__Available data__:
──────────────────────────────
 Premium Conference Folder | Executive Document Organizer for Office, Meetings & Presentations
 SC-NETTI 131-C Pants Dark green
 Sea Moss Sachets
──────────────────────────────
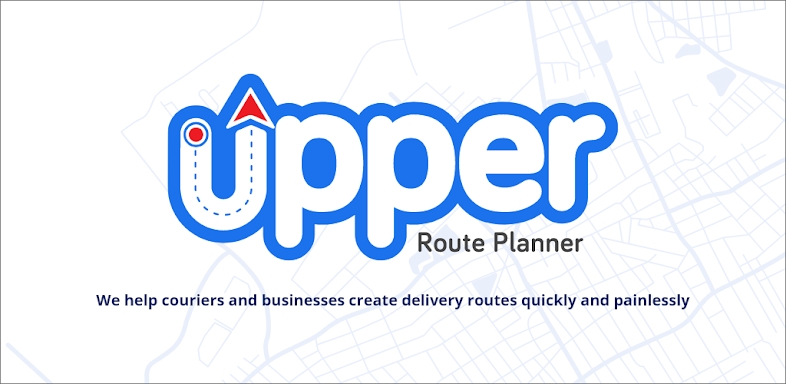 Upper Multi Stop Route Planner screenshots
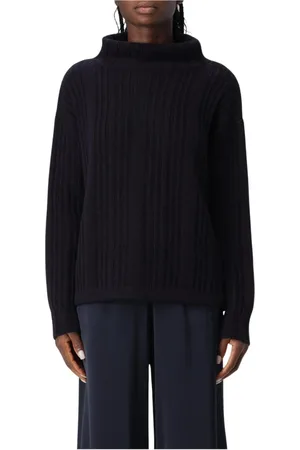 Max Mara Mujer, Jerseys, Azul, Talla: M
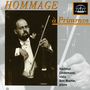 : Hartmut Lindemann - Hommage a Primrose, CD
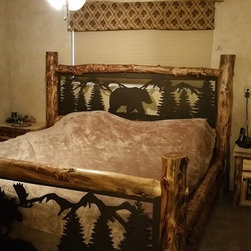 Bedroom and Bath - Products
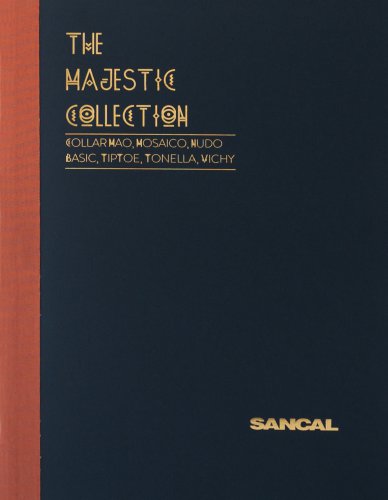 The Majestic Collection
──────────────────────────────
__Aim of the task__: Would you give again, exactly, the lines in the data above that run from the line containing "a Primrose, CD" to the line containing "The Majestic Collection"? Include both ends and no pictures.

__Your solution__:
 : Hartmut Lindemann - Hommage a Primrose, CD
 Bedroom and Bath - Products
 The Majestic Collection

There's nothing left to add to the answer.